Date(s) - Wednesday, January 29, 2020
12:10 pm - 2:00 pm
Room SS2102, Sidney Smith Building, 100 St. George Street
100 St. George Street
Hilary Cunningham, Associate Professor, Department of Anthropology, University of Toronto
Abstract: Hilary Cunningham (Scharper) is an anthropologist and Canadian novelist working at the intersections of ethnography and fiction. In this talk she discusses her creative writing in relation to anthropocentric forms of research; the challenges of institutional prejudices; and posthumanist yearnings for forms of research which re-position humans and nonhumans in mutually-flourishing ways.
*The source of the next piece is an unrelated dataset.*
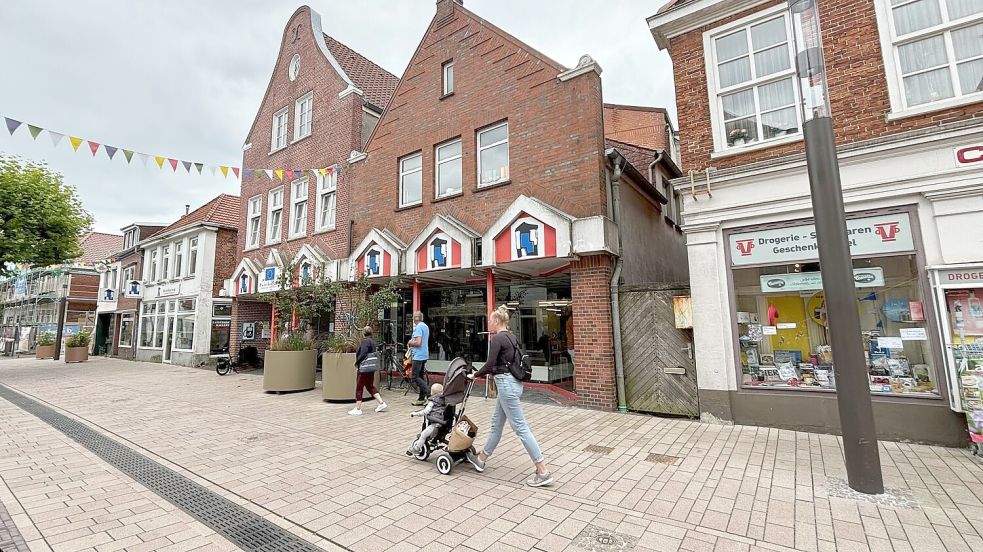 In den leerstehenden Geschäftslokalen an der Osterstraße hat sich die Galerie Zwischenraum etabliert. Fotos: Boschbach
Brief Bio: Hilary Cunningham (Scharper) is a cultural anthropologist and a Canadian novelist. Her academic work centers on boundary-making as a multi-faceted encounter with “nature”—one which ultimately generates certain types of human-nature interactions while excluding or marginalizing other kinds. Because “borders” can encompass geophysical spaces, metaphysical categories, ecological zones, as well as human and non-human actors, Hilary focuses on “nature” itself as a kind of borderscape. Her current research on animal sanctuaries develops this approach through the concept of “gated ecologies,” i.e., nature-borderscapes in which human and nonhuman marginalization (and destruction) unfold as a contingent, interconnected reality.
Hilary also publishes literary fiction and is associated with a newly-minted subgenre of the Gothic called the “ecoGothic.” Literary scholars have described this as a “more ecologically aware Gothic,” attuned to the spaces of “dark nature” and the roles which human fear and ambivalence play in shaping responses to the agency of the natural world. Hilary’s current creative work engages with sentient landscapes and plays with the idea that dwelling in a sentient world also entails hauntings.
At present she is conducting SSHRC-funded ethnographic research at several animal sanctuaries located in southern Arizona near the US-Mexico border; co-editing a book on Sustainability and the Sacred; and is exploring/theorizing the role of terror and fear toward the natural world in relation to compassion and creation care.